→ **What this task involves**
Scan the records beneath this line for the line holding "Flugroute Rettungshubschrauber Insel" and the line holding "Hand-woven Yellow Pure", then transcribe exactly those two and all lines between.

=== Begin Enclosure ===

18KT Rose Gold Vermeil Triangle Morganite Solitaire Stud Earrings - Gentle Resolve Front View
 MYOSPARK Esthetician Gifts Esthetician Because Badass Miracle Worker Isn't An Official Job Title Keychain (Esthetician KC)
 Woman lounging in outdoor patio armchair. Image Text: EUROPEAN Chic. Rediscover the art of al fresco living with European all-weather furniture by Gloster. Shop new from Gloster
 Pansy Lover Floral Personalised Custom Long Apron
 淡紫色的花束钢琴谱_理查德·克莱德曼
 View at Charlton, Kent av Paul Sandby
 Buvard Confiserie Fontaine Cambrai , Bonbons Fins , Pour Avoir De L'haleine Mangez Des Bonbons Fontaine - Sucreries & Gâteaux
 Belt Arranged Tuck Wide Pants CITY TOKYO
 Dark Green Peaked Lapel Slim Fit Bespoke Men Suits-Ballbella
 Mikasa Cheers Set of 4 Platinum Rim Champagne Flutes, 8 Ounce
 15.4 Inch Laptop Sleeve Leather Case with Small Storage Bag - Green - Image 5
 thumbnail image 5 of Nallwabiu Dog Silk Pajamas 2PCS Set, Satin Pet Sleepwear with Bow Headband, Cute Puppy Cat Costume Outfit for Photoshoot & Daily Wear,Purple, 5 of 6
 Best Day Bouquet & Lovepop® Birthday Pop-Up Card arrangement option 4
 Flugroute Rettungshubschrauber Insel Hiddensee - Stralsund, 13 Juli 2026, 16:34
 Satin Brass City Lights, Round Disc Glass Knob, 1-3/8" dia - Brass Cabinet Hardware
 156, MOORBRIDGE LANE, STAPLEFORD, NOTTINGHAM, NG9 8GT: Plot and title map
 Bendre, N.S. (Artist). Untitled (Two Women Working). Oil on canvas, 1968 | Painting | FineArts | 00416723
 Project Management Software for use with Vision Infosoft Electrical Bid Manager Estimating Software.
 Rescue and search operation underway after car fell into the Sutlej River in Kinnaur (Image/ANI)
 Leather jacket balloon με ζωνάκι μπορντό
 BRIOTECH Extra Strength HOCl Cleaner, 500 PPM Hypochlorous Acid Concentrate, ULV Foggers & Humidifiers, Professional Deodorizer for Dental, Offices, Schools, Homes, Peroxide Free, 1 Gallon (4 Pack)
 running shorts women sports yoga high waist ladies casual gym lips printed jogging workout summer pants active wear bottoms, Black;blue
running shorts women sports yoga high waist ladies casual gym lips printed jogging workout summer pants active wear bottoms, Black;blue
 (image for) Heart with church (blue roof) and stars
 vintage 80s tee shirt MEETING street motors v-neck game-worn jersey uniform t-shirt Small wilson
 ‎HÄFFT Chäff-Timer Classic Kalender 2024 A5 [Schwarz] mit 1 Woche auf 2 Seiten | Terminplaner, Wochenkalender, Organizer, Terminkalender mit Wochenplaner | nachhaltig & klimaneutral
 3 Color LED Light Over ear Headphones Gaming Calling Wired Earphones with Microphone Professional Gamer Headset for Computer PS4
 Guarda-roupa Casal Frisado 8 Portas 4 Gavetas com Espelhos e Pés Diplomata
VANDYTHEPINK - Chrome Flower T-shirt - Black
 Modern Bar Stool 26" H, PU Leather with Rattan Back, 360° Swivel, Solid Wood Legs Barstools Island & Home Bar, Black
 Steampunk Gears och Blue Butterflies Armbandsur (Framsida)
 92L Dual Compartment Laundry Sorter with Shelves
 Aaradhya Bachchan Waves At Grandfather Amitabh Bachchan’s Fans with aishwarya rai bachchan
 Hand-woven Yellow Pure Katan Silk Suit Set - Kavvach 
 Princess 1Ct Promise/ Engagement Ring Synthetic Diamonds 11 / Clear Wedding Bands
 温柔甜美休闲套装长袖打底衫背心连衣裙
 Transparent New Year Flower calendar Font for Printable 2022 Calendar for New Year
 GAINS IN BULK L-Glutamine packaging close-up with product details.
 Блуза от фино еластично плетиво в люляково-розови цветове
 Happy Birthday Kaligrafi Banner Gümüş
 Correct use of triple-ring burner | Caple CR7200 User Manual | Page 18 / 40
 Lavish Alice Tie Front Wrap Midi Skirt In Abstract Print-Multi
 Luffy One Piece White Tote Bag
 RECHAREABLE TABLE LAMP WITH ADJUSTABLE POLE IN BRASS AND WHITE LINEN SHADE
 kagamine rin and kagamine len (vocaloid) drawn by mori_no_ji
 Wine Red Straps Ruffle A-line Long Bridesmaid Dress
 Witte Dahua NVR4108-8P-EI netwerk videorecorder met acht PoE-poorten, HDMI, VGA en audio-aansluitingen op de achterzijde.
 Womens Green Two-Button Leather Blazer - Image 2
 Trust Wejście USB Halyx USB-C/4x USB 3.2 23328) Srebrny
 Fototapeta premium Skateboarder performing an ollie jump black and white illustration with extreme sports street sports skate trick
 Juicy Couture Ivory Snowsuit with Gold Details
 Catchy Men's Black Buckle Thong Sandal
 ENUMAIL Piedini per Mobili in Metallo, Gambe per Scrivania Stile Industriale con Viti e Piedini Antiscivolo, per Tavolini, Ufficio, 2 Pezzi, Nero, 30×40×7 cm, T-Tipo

=== End Enclosure ===

→ **Result of the exercise**
 Flugroute Rettungshubschrauber Insel Hiddensee - Stralsund, 13 Juli 2026, 16:34
 Satin Brass City Lights, Round Disc Glass Knob, 1-3/8" dia - Brass Cabinet Hardware
 156, MOORBRIDGE LANE, STAPLEFORD, NOTTINGHAM, NG9 8GT: Plot and title map
 Bendre, N.S. (Artist). Untitled (Two Women Working). Oil on canvas, 1968 | Painting | FineArts | 00416723
 Project Management Software for use with Vision Infosoft Electrical Bid Manager Estimating Software.
 Rescue and search operation underway after car fell into the Sutlej River in Kinnaur (Image/ANI)
 Leather jacket balloon με ζωνάκι μπορντό
 BRIOTECH Extra Strength HOCl Cleaner, 500 PPM Hypochlorous Acid Concentrate, ULV Foggers & Humidifiers, Professional Deodorizer for Dental, Offices, Schools, Homes, Peroxide Free, 1 Gallon (4 Pack)
 running shorts women sports yoga high waist ladies casual gym lips printed jogging workout summer pants active wear bottoms, Black;blue
running shorts women sports yoga high waist ladies casual gym lips printed jogging workout summer pants active wear bottoms, Black;blue
 (image for) Heart with church (blue roof) and stars
 vintage 80s tee shirt MEETING street motors v-neck game-worn jersey uniform t-shirt Small wilson
 ‎HÄFFT Chäff-Timer Classic Kalender 2024 A5 [Schwarz] mit 1 Woche auf 2 Seiten | Terminplaner, Wochenkalender, Organizer, Terminkalender mit Wochenplaner | nachhaltig & klimaneutral
 3 Color LED Light Over ear Headphones Gaming Calling Wired Earphones with Microphone Professional Gamer Headset for Computer PS4
 Guarda-roupa Casal Frisado 8 Portas 4 Gavetas com Espelhos e Pés Diplomata
VANDYTHEPINK - Chrome Flower T-shirt - Black
 Modern Bar Stool 26" H, PU Leather with Rattan Back, 360° Swivel, Solid Wood Legs Barstools Island & Home Bar, Black
 Steampunk Gears och Blue Butterflies Armbandsur (Framsida)
 92L Dual Compartment Laundry Sorter with Shelves
 Aaradhya Bachchan Waves At Grandfather Amitabh Bachchan’s Fans with aishwarya rai bachchan
 Hand-woven Yellow Pure Katan Silk Suit Set - Kavvach 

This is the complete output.